Computer Technician-College?
Hello, I am thinking I'd like to go into IT work (mainly mobile phone and computer hardware repair) , and I was wondering, is college really required for the field? I know about the certification and am watching videos to prepare me for it the CompTIA A+ Certification. I was also thinking of going to community college to take courses in it. My biggest fear is that I am absolutely terrible at math and think that'll hold me back from getting my degree. That, and taking programming.
So is it really that difficult to code? I tinkered with it a little bit in the Myspace days but nothing professional. Would like a variety of opinions both for and against it .
College makes it easier and thousands of times more expensive to get a job here; school is also a job in its' own right, but pays nothing. Programming is entirely a matter of understanding binary/boolean (true/false) reasoning and familiarizing yourself with the resources your projects will need; many coding disciplines focus entirely on supporting infrastructure programmers and testing products - material or not. Hardware repair only ever gets more difficult... most consumers these days will only pay up for the thinnest devices, meaning they're extremely difficult to dissect, and parts cost has been soaring. I still know all I need to repair Nokia & most Android devices, but Apple hardware and basically everything sold through telecoms is designed to be REPLACED, and that's exactly what most tech illiterates do.
People aren't out to make any sense; they'll spend as much as on their car to buy an aluminum laptop they absolutely never wish to learn the mechanisms of.
I'm a highschool dropout with a GED, and a better mobile device hacker you'd be hard-pressed to find - refusal to live in a basement off PayPal forum donations precludes many like me from releasing our bags of tricks upon the internet at large. I think learning shell script (BASH console) is worlds more important than any old certificate, and so do sysadmins anywhere on the planet. At the end of the day, all we're really discussing is bytecode and hardware architecture, so focus on the logic and you'll be fine!
_________________
"Standing on a well-chilled cinder, we see the fading of the suns, and try to recall the vanished brilliance of the origin of the worlds."
-Georges Lemaitre
"I fly through hyperspace, in my green computer interface"
-Gem Tos
![Mr. Green :mrgreen:](./images/smilies/icon_mrgreen.gif)
I tried it for years.
Community College courses or community education courses (shorter, cheaper and not usually good for college credit) might be a cheapish way to try out programming or networks, etc to see how well you do with it.
I went to Uni for my CS degree. Easily half the people in my programming classes did not belong there, just didn't have the knack. The other half, with enough guidance from the teacher and textbooks and working things out together, picked up on it. It was a great experience, even if I will be paying for it for at least the next five or six years.
![Razz :razz:](./images/smilies/icon_razz.gif)
Whenever I interviewed, though, I got a lot of disdain for not having real world experience.
Instead of ending up in IT, where I wanted to go, I stayed in Facilities and got a System Admin role. It's not very hardware intensive like my last job was, though. No one wants to use paper anymore, and many companies are going away from providing mobile devices, since so many people have their own smart devices.

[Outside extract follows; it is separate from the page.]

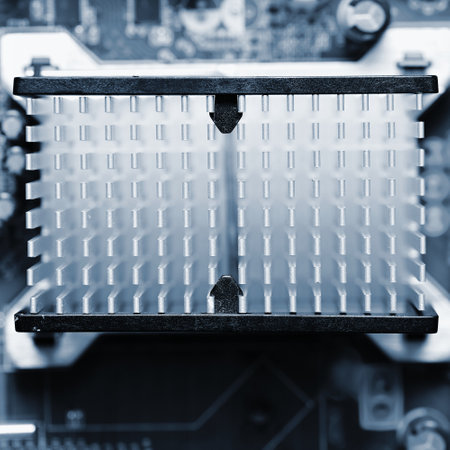 Computer motherboard with heat sink. Printed Circuit Board. Background concept for electrical...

So, if you want hardware, you'll have to go Desktop Support or Network.
I miss the hardware side, but, I really dig the software, so I'm cool.
Oh, and my comment above about getting past HR filters (most corps will have you apply online and they quick filter the results to pare down the applicants to something manageable before even looking at resumes or interviews), you can many times get around that by personal contacts referring you, so, if you can network your way into a company, the degree might not be that important.